## The task
Set down the data below word for word, and leave the images aside.

────

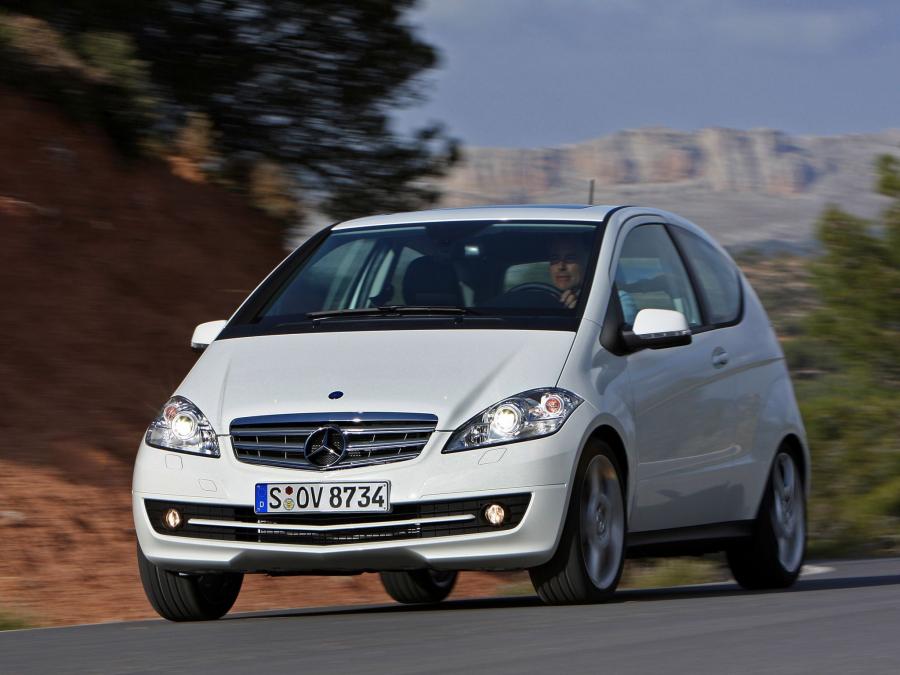  Mercedes-Benz A170 3-Door 2008 года  (фото 2 из 12)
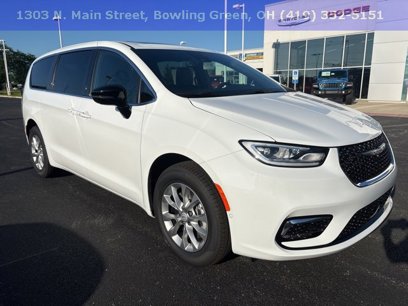 New 2025 Chrysler Pacifica Select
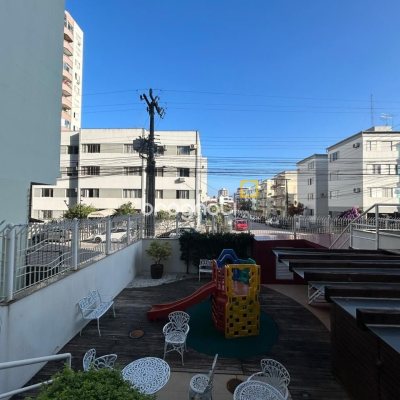 Apartamento com 138m², 4 quartos (sendo 1 suíte), 1 garagem, no bairro Kobrasol em São José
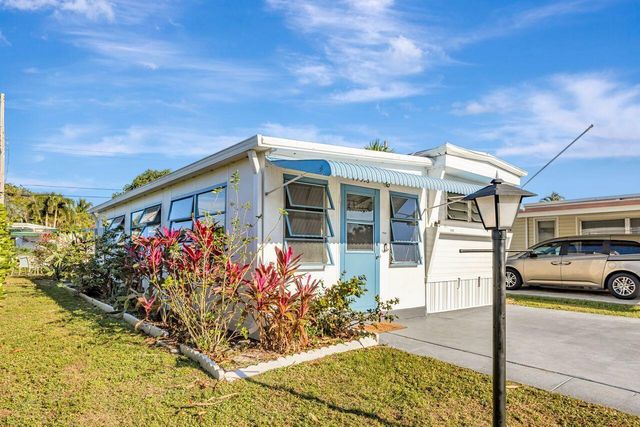 14556 Glenview Drive, Delray Beach, FL 33445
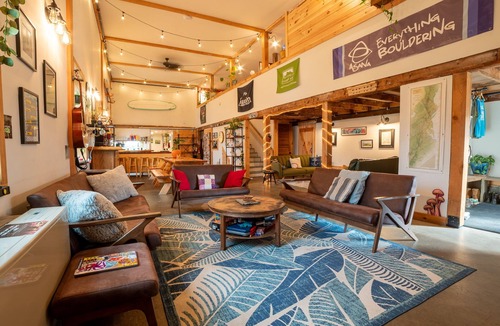 Rumney Hostel | Barn Door Hostel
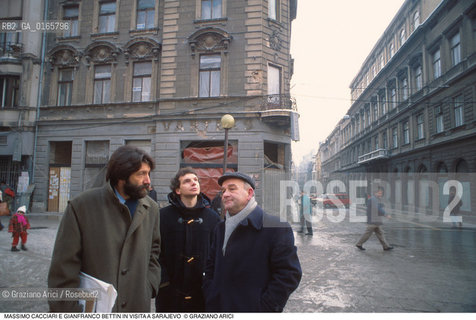 Nome: .SARAJEVO.Descrizione: .GUERRA EX JUGOSLAVIA / VISITA DEL SINDACO DI VENEZIA MASSIMO CACCIARI E DEL PROSINDACO GIANFRANCO BETTIN.Credit: ©Graziano Arici/Rosebud2 Costo: ..Nazione: .BOSNIA.Cittˆ: ..Data: .1994..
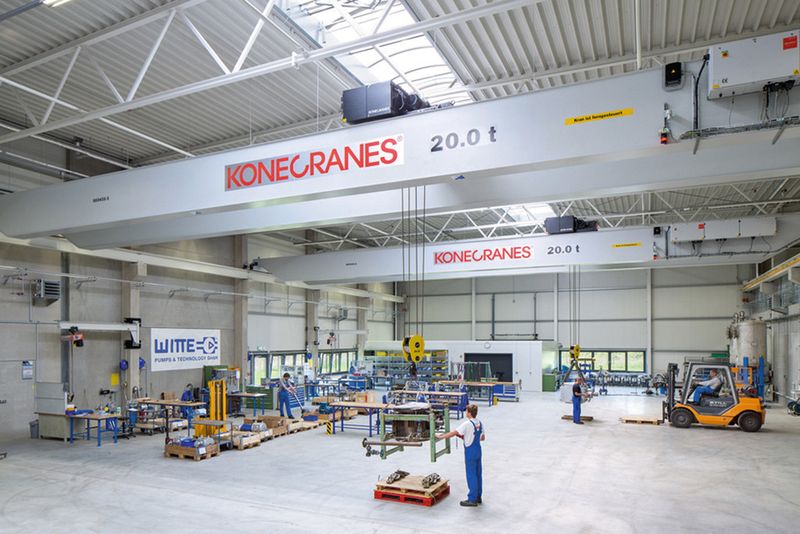 Einer der CXT-Neo-Zweiträger-Brückenkrane mit 20 t Tragkraft sorgt für den sicheren und präzisen Transport der Zahnradpumpen. (Bild: Konecranes)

────

## Output below
  Mercedes-Benz A170 3-Door 2008 года  (фото 2 из 12)
 New 2025 Chrysler Pacifica Select
 Apartamento com 138m², 4 quartos (sendo 1 suíte), 1 garagem, no bairro Kobrasol em São José
 14556 Glenview Drive, Delray Beach, FL 33445
 Rumney Hostel | Barn Door Hostel
 Nome: .SARAJEVO.Descrizione: .GUERRA EX JUGOSLAVIA / VISITA DEL SINDACO DI VENEZIA MASSIMO CACCIARI E DEL PROSINDACO GIANFRANCO BETTIN.Credit: ©Graziano Arici/Rosebud2 Costo: ..Nazione: .BOSNIA.Cittˆ: ..Data: .1994..
 Einer der CXT-Neo-Zweiträger-Brückenkrane mit 20 t Tragkraft sorgt für den sicheren und präzisen Transport der Zahnradpumpen. (Bild: Konecranes)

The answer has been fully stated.